There is some training I would like to seem them approve, but I understand that they will not approve anything out side of what is currently tought, especially for DT. Any suggestions how to approach approval by the training council? Who to contact first?

Thanks


----------



## Mortal knight (Jun 17, 2003)

your chief of police. they as a group pretty much call the shots.


----------



## texdep (Aug 28, 2003)

In answer to your first question. the majority of staff at the MPTC are civilian. (although a few are former leo's). Some like the director of the Boylston Academy are part-time(reserve) po's.

The vast majority of the instructors are leo or retired leo.

The governing body is the "Actual Committee" which is made up of Chiefs of Police.

What do you mean by "approve". If by that you mean the MPTC will start offering the course it will be a very long road to get a new class on the list as that would mean that they would be funding it and the budget is tight.

If you're just looking for them to put some sort of stamp of approval on a course they don't do that.


----------



## tacmedic (Aug 20, 2003)

I am looking for a stamp of approval. There are so many forms of defensive tactics out there that really work, but some department will not take advantage of them, because there is no approval. So, how do we have them added to the current DT training?


----------



## LenS (Nov 9, 2004)

If you've developed a course and want to get it "approved", MPTC is NOT the place to do this. MPTC will NOT pay someone for their course materials or curriculum (copyright), but they will "steal it" and use it with no compensation to the developer/copyright owner. [I was told this by a very good friend who used to be very high up in MCJTC (when it was called that). I approached him regarding a training course and manual from a nationally known defensive tactics trainer who makes his living training LEOs and civilians (he is "POST" certified in a number of states . . . POST is what many other states call their equivalent of MPTC).]

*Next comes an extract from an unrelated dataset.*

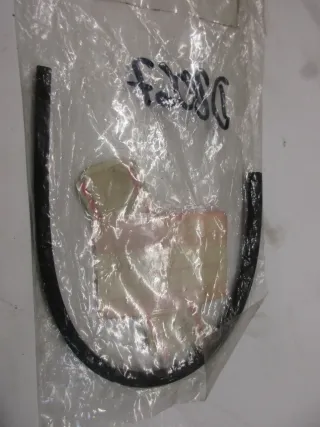 E2067. Suzuki GSX 600_750 F Kantenschutz Profil 94635-19C00 Verkleidung Gummi - Bild 3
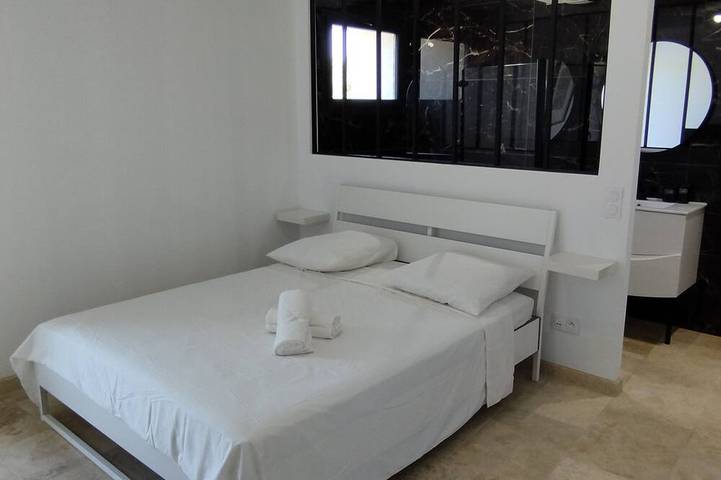 Agriturismo für 8 Personen, mit Garten und Whirlpool in der Provence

I also independently confirmed with Chief Ron Glidden that MPTC will not pay for curriculum/training course development. Ron developed some of the approved firearms training courses and was not paid a cent for them. If he teaches a course, they pay him to teach, but that is it.

Practically every year MPTC is asked to provide more training, but the legislature keeps cutting their budget just about every year!


----------



## tacmedic (Aug 20, 2003)

Sounds like you've have already gone through the hoops. I would like them or an academy to just pay the instructor for the time. This course is also POST apporved in many states as well as current'y being introduced to varies branches of the military (military training is not the same as for the LEO's). I have sat in on some DT classes offered at the academies. My biggest concern, weapons retention and "groud fighting". Weapons retention should be a reactive skill, not a thought process. This course has proven to save the lives of various officers through out the nation. As for the "ground fighting", anyone who's been in a scuffle knows that 90% of all fights will end up on the ground. THis dt course is designed to build off the basics and then use them in various aspects and environments. The student doesn't have to learn something new, just another way of applying it.

There may be a course offered in this area soon. If anyone is interested, I will try to announce it on this site, or send me a PM and I will keep you posted.

Sorry for the rant.


----------



## tacmedic (Aug 20, 2003)

The training this company is currently offering to the military is not the same. Not that the DT is not the same. I to had everything tought to me in the service. But keep in mind that the rules are a little different on the military side. The company is teaching people how to use the same techniques they would teach LEOs, but how to slice their throats, cut someone up to the point they die, and snap their necks. That's what I am talking about. I don't think any dept. wants their LEO killing people like that.

I know the DT in the service is just about on the money. I was simply refering to what this agency offers.


----------